Listed records START

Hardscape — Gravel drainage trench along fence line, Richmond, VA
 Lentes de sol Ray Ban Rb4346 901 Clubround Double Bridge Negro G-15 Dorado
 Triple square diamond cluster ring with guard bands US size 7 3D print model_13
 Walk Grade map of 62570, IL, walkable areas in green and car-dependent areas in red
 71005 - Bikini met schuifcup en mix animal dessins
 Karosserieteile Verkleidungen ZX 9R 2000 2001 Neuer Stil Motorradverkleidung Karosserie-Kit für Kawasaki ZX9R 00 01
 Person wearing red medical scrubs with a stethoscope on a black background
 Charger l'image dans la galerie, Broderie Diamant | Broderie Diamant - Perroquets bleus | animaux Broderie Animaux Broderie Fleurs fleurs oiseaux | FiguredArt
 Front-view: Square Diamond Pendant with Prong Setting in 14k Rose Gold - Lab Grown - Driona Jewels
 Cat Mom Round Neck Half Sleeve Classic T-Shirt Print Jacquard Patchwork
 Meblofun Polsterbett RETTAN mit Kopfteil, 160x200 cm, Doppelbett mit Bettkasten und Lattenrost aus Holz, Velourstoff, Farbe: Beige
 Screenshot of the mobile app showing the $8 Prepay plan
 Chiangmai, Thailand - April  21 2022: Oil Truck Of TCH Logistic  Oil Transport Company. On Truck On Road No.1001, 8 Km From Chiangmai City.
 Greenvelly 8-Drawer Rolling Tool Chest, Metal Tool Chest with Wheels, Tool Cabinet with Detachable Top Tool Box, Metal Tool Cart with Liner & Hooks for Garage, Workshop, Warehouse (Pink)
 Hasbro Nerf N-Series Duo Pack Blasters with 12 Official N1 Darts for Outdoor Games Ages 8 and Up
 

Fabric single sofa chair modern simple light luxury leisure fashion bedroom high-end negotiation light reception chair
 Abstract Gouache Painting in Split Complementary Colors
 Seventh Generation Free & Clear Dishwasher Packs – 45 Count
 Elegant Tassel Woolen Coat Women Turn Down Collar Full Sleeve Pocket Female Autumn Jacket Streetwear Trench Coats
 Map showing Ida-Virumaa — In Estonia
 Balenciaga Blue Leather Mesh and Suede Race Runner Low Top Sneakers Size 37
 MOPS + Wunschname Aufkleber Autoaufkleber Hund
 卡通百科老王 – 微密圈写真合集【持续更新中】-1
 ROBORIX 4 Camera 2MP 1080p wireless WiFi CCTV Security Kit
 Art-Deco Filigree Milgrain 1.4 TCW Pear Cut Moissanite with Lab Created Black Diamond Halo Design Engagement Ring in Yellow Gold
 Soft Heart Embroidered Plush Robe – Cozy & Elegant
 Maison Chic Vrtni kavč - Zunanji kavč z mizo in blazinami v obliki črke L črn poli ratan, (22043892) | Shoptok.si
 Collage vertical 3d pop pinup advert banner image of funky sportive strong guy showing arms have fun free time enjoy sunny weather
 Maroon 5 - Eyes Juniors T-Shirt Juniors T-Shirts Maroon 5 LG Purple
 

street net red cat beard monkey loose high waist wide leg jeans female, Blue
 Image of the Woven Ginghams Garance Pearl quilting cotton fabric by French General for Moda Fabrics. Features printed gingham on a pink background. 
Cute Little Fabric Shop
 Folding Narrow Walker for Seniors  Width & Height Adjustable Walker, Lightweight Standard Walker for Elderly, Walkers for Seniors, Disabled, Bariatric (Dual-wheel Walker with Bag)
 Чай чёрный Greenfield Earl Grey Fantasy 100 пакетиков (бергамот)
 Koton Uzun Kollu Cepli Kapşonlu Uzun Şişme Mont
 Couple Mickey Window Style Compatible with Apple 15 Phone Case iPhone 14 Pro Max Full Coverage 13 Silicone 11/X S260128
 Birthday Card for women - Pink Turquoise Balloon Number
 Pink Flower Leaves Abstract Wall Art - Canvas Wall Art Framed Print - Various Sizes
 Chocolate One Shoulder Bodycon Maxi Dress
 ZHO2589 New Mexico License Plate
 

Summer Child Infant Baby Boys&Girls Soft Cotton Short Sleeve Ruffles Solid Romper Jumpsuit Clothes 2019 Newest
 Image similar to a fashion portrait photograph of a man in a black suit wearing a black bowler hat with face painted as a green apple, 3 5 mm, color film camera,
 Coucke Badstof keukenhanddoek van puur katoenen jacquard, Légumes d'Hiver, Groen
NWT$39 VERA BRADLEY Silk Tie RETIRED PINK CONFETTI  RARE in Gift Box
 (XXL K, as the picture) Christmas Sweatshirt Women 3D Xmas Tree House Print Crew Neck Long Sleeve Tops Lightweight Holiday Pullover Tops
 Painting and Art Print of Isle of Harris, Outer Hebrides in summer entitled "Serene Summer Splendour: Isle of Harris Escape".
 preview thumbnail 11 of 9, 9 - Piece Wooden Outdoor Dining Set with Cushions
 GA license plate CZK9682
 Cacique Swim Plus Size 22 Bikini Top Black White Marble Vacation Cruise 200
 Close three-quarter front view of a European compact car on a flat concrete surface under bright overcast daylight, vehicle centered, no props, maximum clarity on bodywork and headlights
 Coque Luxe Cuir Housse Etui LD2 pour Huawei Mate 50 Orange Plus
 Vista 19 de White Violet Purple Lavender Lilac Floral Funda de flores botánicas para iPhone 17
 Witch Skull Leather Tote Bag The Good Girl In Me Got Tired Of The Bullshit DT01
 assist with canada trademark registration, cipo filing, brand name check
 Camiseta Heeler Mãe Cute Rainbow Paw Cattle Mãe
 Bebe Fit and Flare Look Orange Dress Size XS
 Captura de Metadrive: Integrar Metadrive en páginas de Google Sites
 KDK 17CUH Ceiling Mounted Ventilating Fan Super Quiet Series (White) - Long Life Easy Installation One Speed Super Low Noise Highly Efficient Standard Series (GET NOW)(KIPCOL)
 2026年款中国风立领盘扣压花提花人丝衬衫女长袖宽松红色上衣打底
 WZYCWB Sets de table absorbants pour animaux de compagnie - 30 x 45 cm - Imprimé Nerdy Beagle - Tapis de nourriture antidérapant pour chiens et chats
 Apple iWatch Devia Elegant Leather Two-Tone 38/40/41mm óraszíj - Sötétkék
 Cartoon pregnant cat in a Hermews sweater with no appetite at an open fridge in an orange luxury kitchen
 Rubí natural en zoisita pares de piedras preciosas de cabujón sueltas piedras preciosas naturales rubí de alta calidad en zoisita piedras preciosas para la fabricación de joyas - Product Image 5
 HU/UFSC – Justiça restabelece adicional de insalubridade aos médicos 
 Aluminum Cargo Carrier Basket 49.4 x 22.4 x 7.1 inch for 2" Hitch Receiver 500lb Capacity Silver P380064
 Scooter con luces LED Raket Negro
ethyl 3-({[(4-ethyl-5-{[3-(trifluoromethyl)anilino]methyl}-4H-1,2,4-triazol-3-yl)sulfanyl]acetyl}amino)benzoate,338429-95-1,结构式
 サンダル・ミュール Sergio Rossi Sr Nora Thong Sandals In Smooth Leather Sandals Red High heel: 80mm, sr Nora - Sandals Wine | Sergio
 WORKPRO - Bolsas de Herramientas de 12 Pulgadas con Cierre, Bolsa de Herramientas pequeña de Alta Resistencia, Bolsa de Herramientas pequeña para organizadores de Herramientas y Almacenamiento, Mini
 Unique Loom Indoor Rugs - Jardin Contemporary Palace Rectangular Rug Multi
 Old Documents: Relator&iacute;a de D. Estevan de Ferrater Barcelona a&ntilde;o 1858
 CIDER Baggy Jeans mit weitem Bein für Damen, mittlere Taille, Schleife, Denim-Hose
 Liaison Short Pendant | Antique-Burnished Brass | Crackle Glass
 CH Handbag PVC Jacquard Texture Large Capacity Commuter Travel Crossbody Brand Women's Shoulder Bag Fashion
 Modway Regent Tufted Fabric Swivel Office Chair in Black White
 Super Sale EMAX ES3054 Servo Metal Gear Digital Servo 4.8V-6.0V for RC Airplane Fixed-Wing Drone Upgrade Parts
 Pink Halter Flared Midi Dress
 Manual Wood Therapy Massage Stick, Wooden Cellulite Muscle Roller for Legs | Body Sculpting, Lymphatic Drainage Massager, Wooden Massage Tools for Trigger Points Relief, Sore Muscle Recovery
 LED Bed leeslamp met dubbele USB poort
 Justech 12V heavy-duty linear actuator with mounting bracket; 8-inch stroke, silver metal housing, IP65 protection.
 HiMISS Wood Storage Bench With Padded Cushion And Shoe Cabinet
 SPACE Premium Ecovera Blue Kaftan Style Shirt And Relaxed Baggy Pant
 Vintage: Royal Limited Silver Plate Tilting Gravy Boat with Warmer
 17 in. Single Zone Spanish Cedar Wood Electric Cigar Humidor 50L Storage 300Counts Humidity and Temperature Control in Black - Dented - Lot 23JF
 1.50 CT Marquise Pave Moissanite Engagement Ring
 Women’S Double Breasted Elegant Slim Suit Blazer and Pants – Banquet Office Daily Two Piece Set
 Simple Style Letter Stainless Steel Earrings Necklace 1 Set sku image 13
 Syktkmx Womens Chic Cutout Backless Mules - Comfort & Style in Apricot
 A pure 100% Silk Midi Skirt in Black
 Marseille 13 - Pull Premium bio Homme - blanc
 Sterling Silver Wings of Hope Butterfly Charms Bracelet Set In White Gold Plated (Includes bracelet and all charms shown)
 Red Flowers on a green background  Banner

Listed records END

What is being asked
Output exactly one stretch of the listing: from the line containing "Maroon 5 - Eyes" through the line containing "Couple Mickey Window", both end lines included.

Result of this exercise
 Maroon 5 - Eyes Juniors T-Shirt Juniors T-Shirts Maroon 5 LG Purple
 

street net red cat beard monkey loose high waist wide leg jeans female, Blue
 Image of the Woven Ginghams Garance Pearl quilting cotton fabric by French General for Moda Fabrics. Features printed gingham on a pink background. 
Cute Little Fabric Shop
 Folding Narrow Walker for Seniors  Width & Height Adjustable Walker, Lightweight Standard Walker for Elderly, Walkers for Seniors, Disabled, Bariatric (Dual-wheel Walker with Bag)
 Чай чёрный Greenfield Earl Grey Fantasy 100 пакетиков (бергамот)
 Koton Uzun Kollu Cepli Kapşonlu Uzun Şişme Mont
 Couple Mickey Window Style Compatible with Apple 15 Phone Case iPhone 14 Pro Max Full Coverage 13 Silicone 11/X S260128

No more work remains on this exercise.